Les questions de l’éducation des enfants d’expatriés nés à l’étranger ne préoccupent pas toutefois tous les parents immigrés. Pour certains d’entre ces derniers, adeptes du moindre effort, moins responsables et plus mus par l’esprit de lucre, la présence de leurs enfants à leurs cotés les empêche non seulement de se consacrer pleinement à leurs activités professionnelles qu’ils mettent au premier plan, mais leur coûte beaucoup d’argent et de temps. Comme pour se débarrasser d’eux,  ils préfèrent se soustraire à leurs rôles et responsabilités de parents en les envoyant à leur pays d’origine. Ce faisant, ils ont beaucoup plus de temps pour eux-mêmes et des revenus supplémentaires, parce que des allocations qu’ils reçoivent pour ces enfants, ils n’auront plus à payer des frais de garderie  et à faire d’autres dépenses, bien qu’ils puissent envoyer de l’argent à ces enfants une fois qu’ils se trouvent dans leur pays d’origine. Mais les sommes peuvent être nettement inférieures, à cause de l’avantage des fortes monnaies qu’ils ont dans beaucoup de pays occidentaux. Beaucoup de parents immigrés, attirés par l’appât du gain que pourrait constituer un grand nombre d’enfants dans certains pays développés encourageant la politique de natalité par beaucoup d’avantages sociaux ou financiers, sont tombés dans les traquenards et les dédales des allocations familiales, d’où ils ne peuvent plus s’extirper. Il leur est souvent difficile de donner une bonne éducation à leurs enfants qui sont pour la plupart du temps sources de profit plutôt que fruits de l’amour.

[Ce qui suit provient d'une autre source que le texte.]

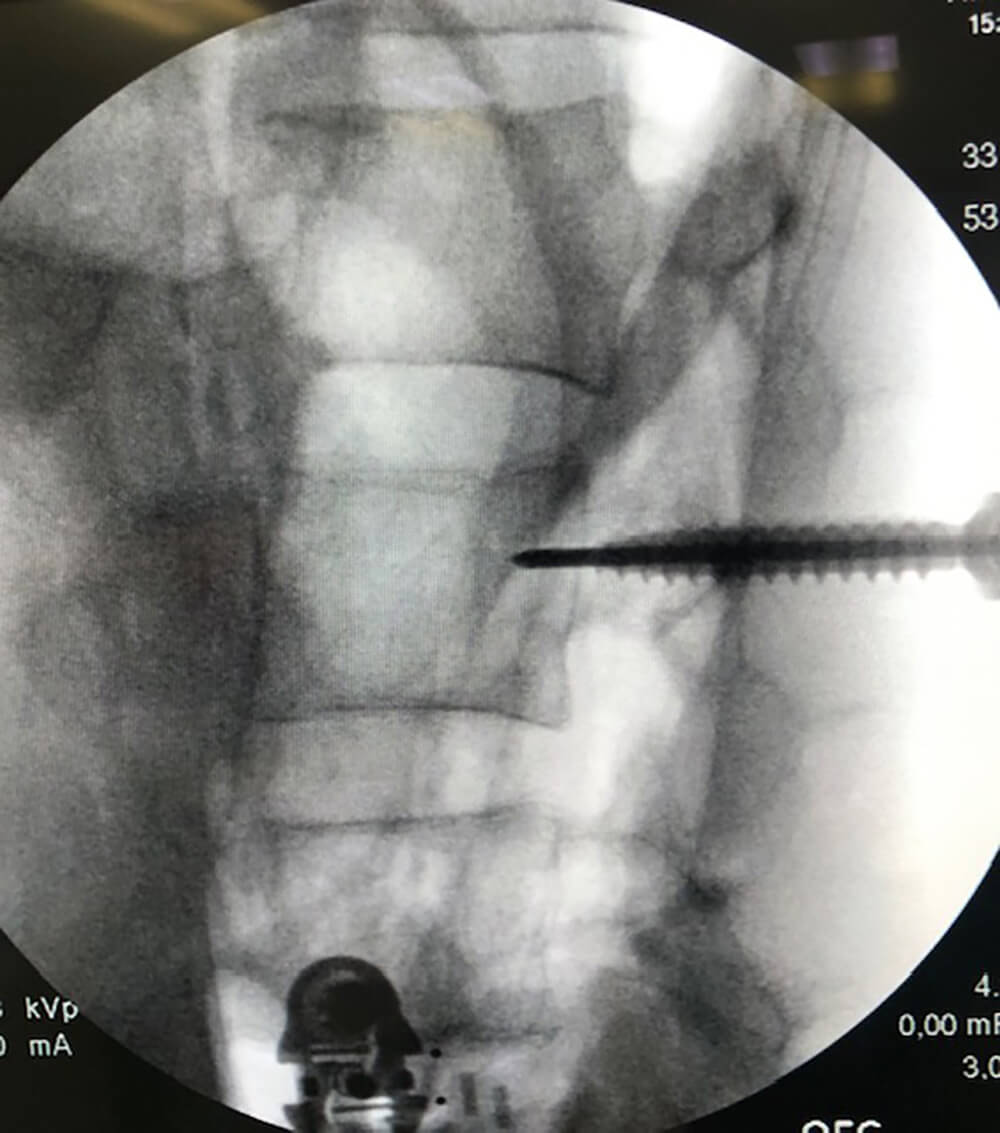 PF - SingleStep - Japan - ATEC Spine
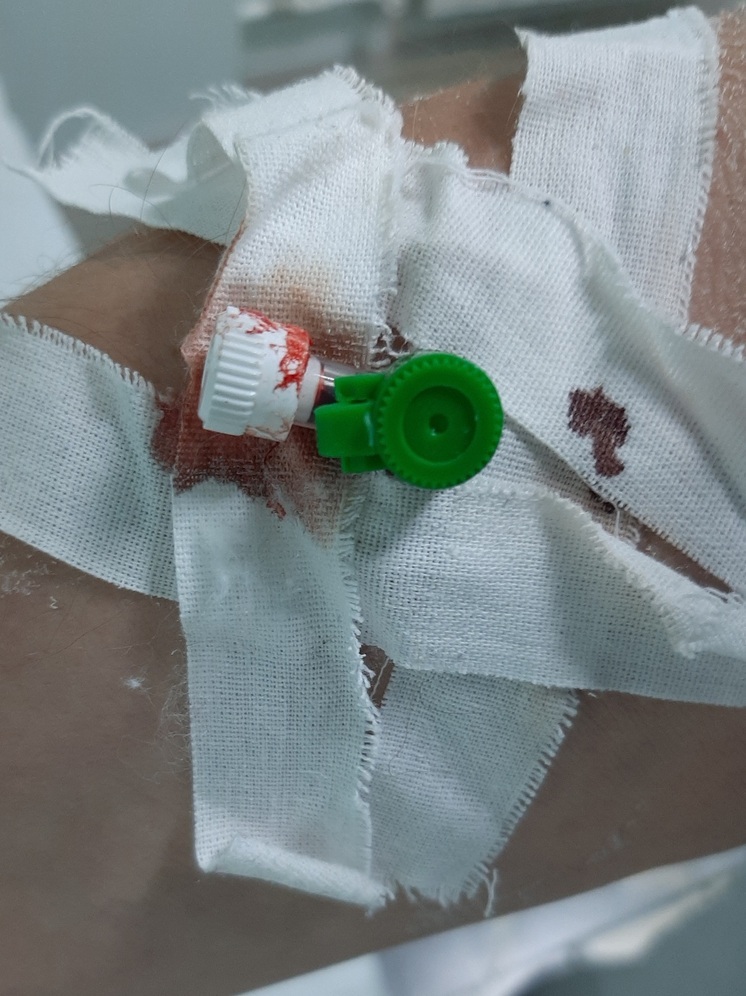 Балаковская пенсионерка вспорола живот сопернице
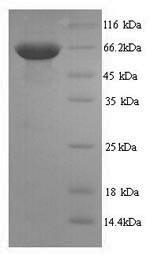 Greater than 90% as determined by SDS-PAGE.Recombinant Human Receptor-Type Tyrosine-Protein Phosphatase C (PTPRC) Protein (His)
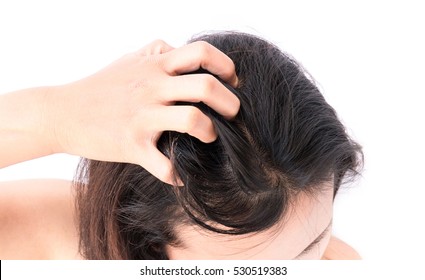 Closeup Woman Hand Itchy Scalp, Hair Care Concept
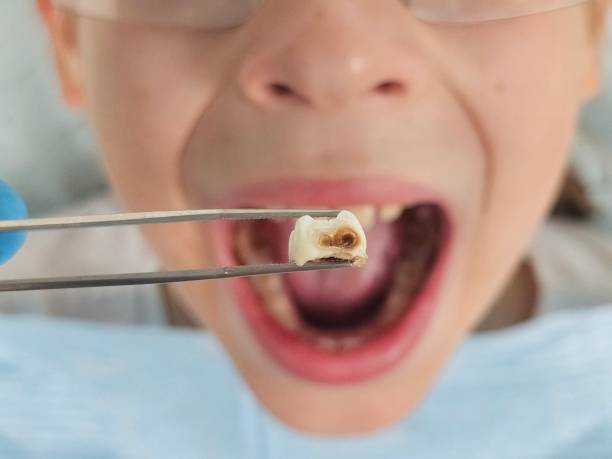 Best Dentist for Tooth Abscess  in Lawrenceville, NJ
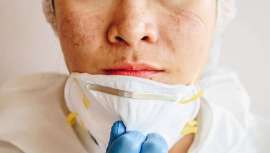 Granitos que se apoderan del rostro por el uso y roce de la mascarilla en la pandemia. Obligados a llevarla, la piel se resiente y se produce el denominado efecto maskné ¿Por qué? Lo descubrimos y ponemos freno con consejos y cosmética específica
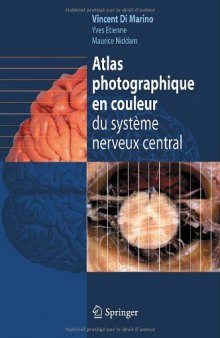 Atlas photographique en couleur du systeme nerveux central (French Edition)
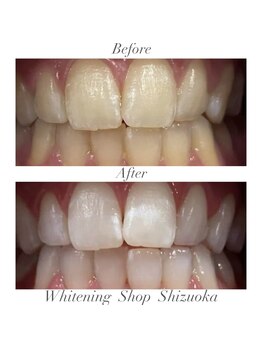 ホワイトニングショップ 静岡店/ホワイトニングBefore→After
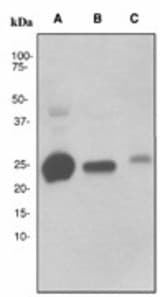 Western blot analysis on (A) human plasma, (B) human spleen and (C) fetal marrow lysates using anti-C1q (subunit C) antibody (LS-C105528), dilution 1:5000.
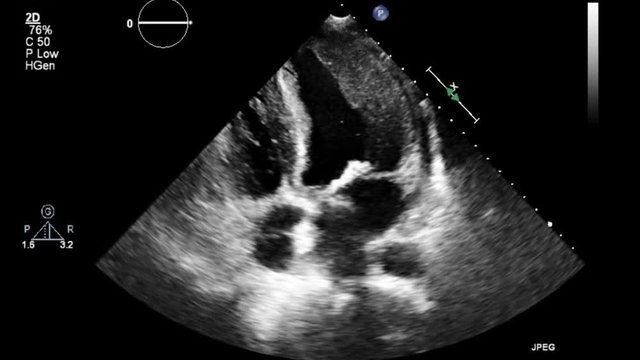High quality transesophageal ultrasound video in gray-scale mode.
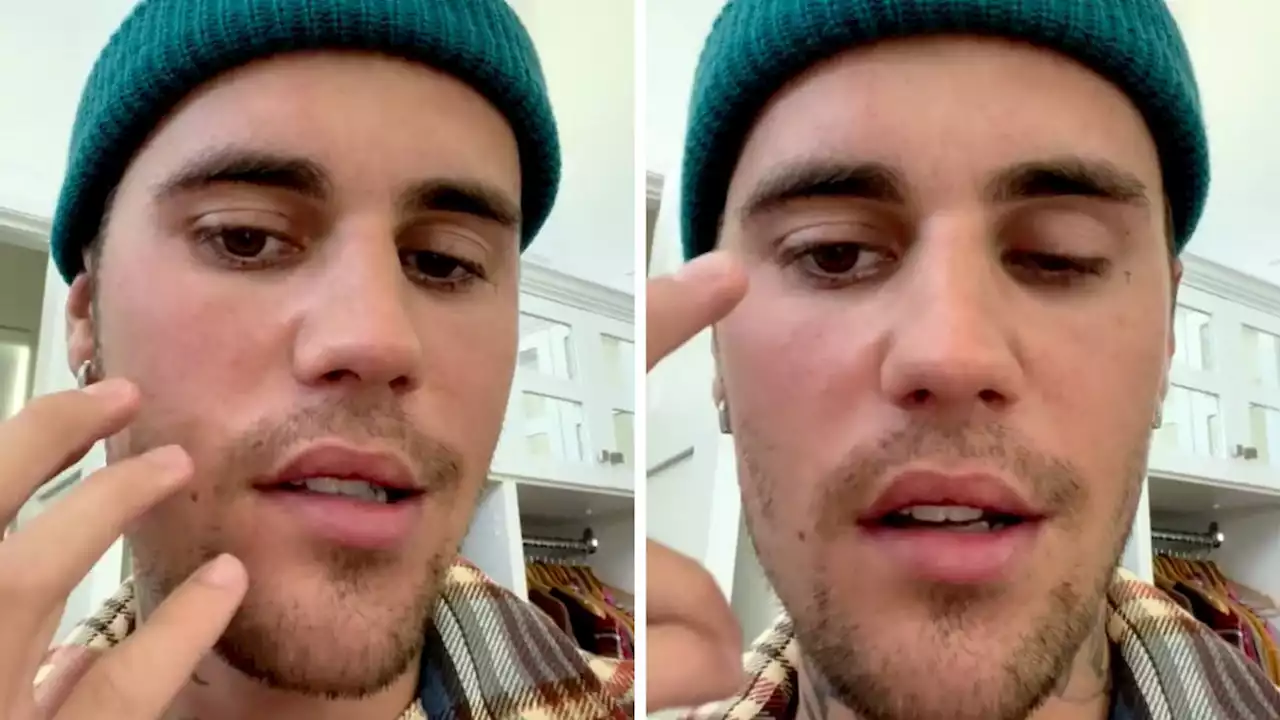 'This is pretty serious': Justin Bieber reveals face paralysis in shock video to fans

«Où l’on est bien, là est la patrie. » Cette citation d’Aristophane semble trouver tout son sens dans ce monde moderne globalisé. Même si au moment où certaines barrières chutent entre certains pays, d’autres peuples se barricadent.

 

Bosse Ndoye

 

 

5 Commentaires

  1. Vérités pures. Et l’autre dilemme est de trouver maris aux filles nées en Occident et ayant atteint l’âge de mariage. Et cela donne d’ailleurs naissance à un nouveau phénomène: revenir en Afrique prendre un mari qui se trouve être un chercheur de visa.

  2. Les africains (noirs et arabes) qui ont grandi en europe sont essentiellement des gens difficiles qui n’aiment ni les études, ni un comportement sérieux, ils causent trop de problèmes à leurs parents. drogue, sex, vol, agression etc c’est leur monde de prédilection.

  3. Dans ce beau pays si généreux, où l’enfant, riche ou pauvre est mis dans de très bonne conditions pour réussir jusqu’à BAC + 10 si ses capacités intellectuelles le lui permettent, il y a au moins 30.000 jeunes âgés de 18 à 30 ans qui y sont nés ou qui sont arrivée à un très jeune âge ! Dans ce pays, moins vos parents ont des revenus, plus la République vous aide aussi longtemps que vous êtes capables de suivre ! Malgré cela, combien de jeunes Sénégalais ont profité de ce système pour suivre des études pouvant être utiles à la leur pays ? Cette question peut être posés pour tous ces jeunes Africains qui n’ont rien dans le crâne, sinon la danse, les filles et le sport, si ce n’est la » Sap » ! Si on ne peut pas faire des études poussées dans ce pays si généreux pour ceux qui veulent travailler dur et bien, ce n’est pas à Dakar, à Thiès, ou à Diourbel qu’on le ferait mieux !

  4. Belle analyse.
    En definitive, il n’y a pas de formule unique pour le bonheur.
    Idéalement, aucun enfant ne devrait vivre séparé de ses parents.
    À chaque parent, selon sa réalité de prendre la décision qu’il juge la meilleure pour sa famille.
    Cependant, Seul Allah peut garantir l’éducation d’un enfant. On a vu le fils d’un Prophète désavouer son père. On a vu un prophète grandir sans parents dans le milieu le plus païen qui soit.
    Donc le résultat n’est pas lié au milieu, ni aux conditions d’éducation, ni aux moyens financiers du parent ou du pays. Sinon, les enfants des quartiers huppés ne tourneraient pas mal ou encore il, n’y aurait pas d’enfant qui tourne mal au Bled.
    L’essentiel est que chaque parent fasse ce que lui dicte sa conscience, en toute bonne foi. L’essentiel étant que chaque parent ne se laisse pas dicter sa conduite à l’égard de sa progéniture par qui ou quoi que ce soit d’autre que ses propres convictions personnelles, par ses propres principes de vie.